### Set - 3

Question 1 :

What's a negative index?

Python sequences are indexed with positive numbers and negative numbers. For positive numbers 0 is the first index 1 is the second index and so forth. For negative indices -1 is the last index and -2 is the penultimate (next to last) index and so forth. Think of seq[-n] as the same as seq[len(seq)-n].
Using negative indices can be very convenient. For example S[:-1] is all of the string except for its last character, which is useful for removing the trailing newline from a string.

Question 2 :

How do I iterate over a sequence in reverse order?

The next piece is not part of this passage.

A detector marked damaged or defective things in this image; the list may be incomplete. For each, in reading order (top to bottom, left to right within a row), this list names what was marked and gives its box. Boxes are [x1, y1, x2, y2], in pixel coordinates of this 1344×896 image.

If it is a list, the fastest solution is

list.reverse()
try:
for x in list:
"do something with x"
finally:
list.reverse()

This has the disadvantage that while you are in the loop, the list is temporarily reversed. If you don't like this, you can make a copy. This appears expensive but is actually faster than other solutions:

rev = list[:]
rev.reverse()
for x in rev:
<do something with x>

If it's not a list, a more general but slower solution is:

for i in range(len(sequence)-1, -1, -1):
x = sequence[i]
<do something with x>

A more elegant solution, is to define a class which acts as a sequence and yields the elements in reverse order (solution due to Steve Majewski):

class Rev:
def __init__(self, seq):
self.forw = seq
def __len__(self):
return len(self.forw)
def __getitem__(self, i):
return self.forw[-(i + 1)]

You can now simply write:

for x in Rev(list):
<do something with x>

Unfortunately, this solution is slowest of all, due to the method call overhead.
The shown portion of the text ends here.